On September 28, 2021, Ausendo Medical Devices Trading (China) Co., Ltd. initiated an updated voluntary Class II recall for specific batches of its Creatine Kinase Isoenzyme MB Assay Tablets (Rate Method), identified by registration certificate no. 20152402832. This action, governed by NMPA Index No. JGXX-2021-10525 and Shanghai Drug Administration Recall No. 2021-006 (Update 1), addresses a critical product performance deficiency. The primary issue concerns product coating numbers 0245 and 0246. These batches were found to inadequately inhibit Creatine Kinase-MM (CK-MM) activity in patient samples.
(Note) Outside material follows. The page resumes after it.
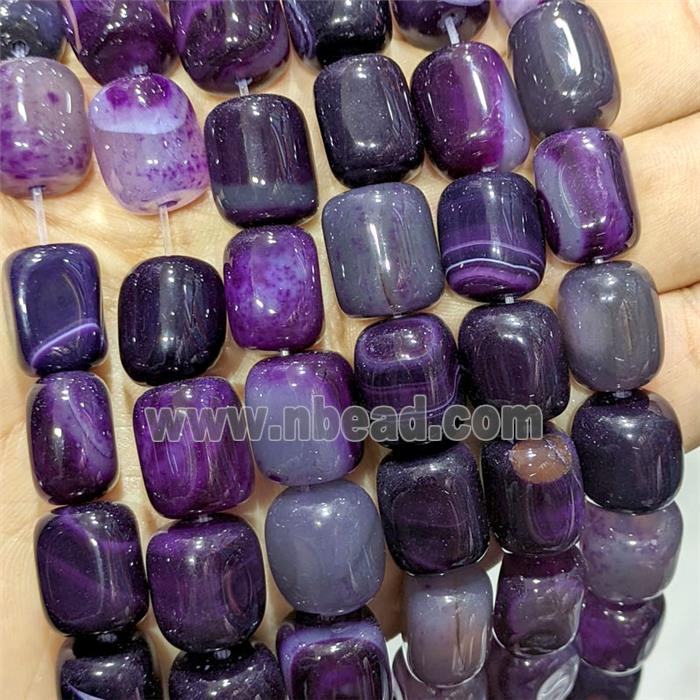 Purple Stripe Agate Cuboid Beads Dye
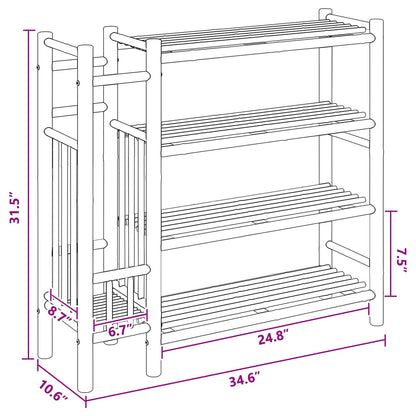 Shoe Rack with Shelf Natural 88 x 27 x 80 cm Bamboo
While the product's original instructions stipulate diluting samples with total Creatine Kinase (CK) activity exceeding 1000 U/L due to potential interference, the affected coatings demonstrated a failure to correctly inhibit CK-MM even when total CK levels were below this 1000 U/L threshold. This defect can lead to falsely elevated Creatine Kinase-MB (CK-MB) results, potentially impacting accurate patient diagnosis and treatment, as CK-MB is a vital cardiac biomarker. The company is actively managing this recall to remove affected products and uphold patient safety.